Business Continuity - SAP NetWeaver on AWS

Business Continuity

We recommend that you architect your business-critical applications to be fault tolerant. Depending on your availability requirements, there are different ways in which you can achieve this. This section discusses how you can set up highly available SQL Server for SAP applications.

High Availability

You can configure high availability for SQL Server database on AWS using Always On availability groups or third-party tools.

SQL Server Always On Availability Groups

A prerequisite for deploying a SQL Server Always On availability group is Windows Server Failover Clustering (WSFC). SQL Server Always On uses WSFC to increase application availability. WSFC provides infrastructure features that complement the high availability and disaster recovery scenarios supported in the AWS Cloud. Implementing WSFC cluster on AWS is very similar to deploying it on-premises provided you meet two key requirements:

  • Deploy the cluster nodes inside an Amazon VPC.

  • Deploy the cluster nodes in separate subnets that are in different Availability Zones.

See Overview of Always On Availability Groups (SQL Server) for details.

The following figure provides an overview of architecture for SQL Server Always On availability groups on AWS. This architecture includes following components

  • A VPC configured with private subnets across two Availability Zones. This provides the network infrastructure for your SQL Server deployment.

  • AWS Directory Service for Microsoft Active Directory deployed in private subnet. Alternatively, you can also manage your own AD DS deployed on Amazon EC2 instance.

  • In a private subnet, Windows Servers configured with WSFC for SQL Server Enterprise edition with SQL Server Always On availability groups.


              SQL Server Always On availability groups across two Availability Zones.

Third-Party Solutions

You can also use third-party tools like SIOS Data Protection Suite, NEC ExpressCluster, or Veritas InfoScale to provide high-availability for SQL Server. These solutions use WSFC and replicate data from primary to secondary with block level replication of the Amazon EBS volume.

Disaster Recovery

Disaster recovery is about preparing for and recovering from a disaster. Any event that has a negative impact on your business continuity or finances could be termed a disaster. To implement a cost effective Disaster recovery strategy for your SAP applications and databases that meets your business objective you need to consider the following requirements.

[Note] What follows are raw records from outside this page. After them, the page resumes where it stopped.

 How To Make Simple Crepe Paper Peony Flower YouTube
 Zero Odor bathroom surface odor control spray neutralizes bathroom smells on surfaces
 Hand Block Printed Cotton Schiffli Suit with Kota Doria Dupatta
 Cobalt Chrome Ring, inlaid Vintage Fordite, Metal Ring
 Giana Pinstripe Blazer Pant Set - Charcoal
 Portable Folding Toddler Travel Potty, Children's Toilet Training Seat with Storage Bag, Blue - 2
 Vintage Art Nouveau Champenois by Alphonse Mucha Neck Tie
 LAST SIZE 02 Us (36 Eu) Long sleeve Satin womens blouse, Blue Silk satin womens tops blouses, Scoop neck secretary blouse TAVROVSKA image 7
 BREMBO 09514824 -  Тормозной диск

Separate DR Strategy from HA Design

First you must evaluate whether a separate DR strategy is required in addition to the HA design offered by AWS protection.

On AWS, we recommend that you deploy business critical application in high availability architecture across two Availability Zones in an AWS Region. Each Availability Zone is designed as an independent failure zone. This means that Availability Zones are physically separated within a typical metropolitan region and are located in lower risk flood plains. Availability Zones include a discrete uninterruptable power supply (UPS) and onsite backup generation facilities, and are each fed via different grids from independent utilities to further reduce single points of failure. The level of protection provided by Availability Zone design is sufficient for most customers and is able to meet their business objectives.

DR in AWS Regions

If you determine that you need a separate DR strategy, next you must decide if you need a DR plan in a different AWS Region than your primary AWS Region or in same AWS Region as you primary (for example, using third Availability Zone of your primary AWS Region as DR). Data sovereignty is the primary reason that influences this decision. However, there may be other reasons, such as proximity to users, cost, ease of management, and so on.

DR Architecture

Finally, you must decide on the DR architecture and understand the infrastructure required to implement it. The Recovery Time Objective (RTO) and Recovery Point Objective (RPO) are the primary factors that influence DR architecture. We recommend any of the following three DR architectures:

  • Cold: This architecture essentially relies on backups. Backups are taken (database – data and log, AMI, Snapshots) on a regular basis and used to rebuild the systems in the target AWS Region to recover for any disaster. Because this architecture completely depends on backups, the RPO depends on how frequently you take backups, and RTO depends on how large the database is to be recovered.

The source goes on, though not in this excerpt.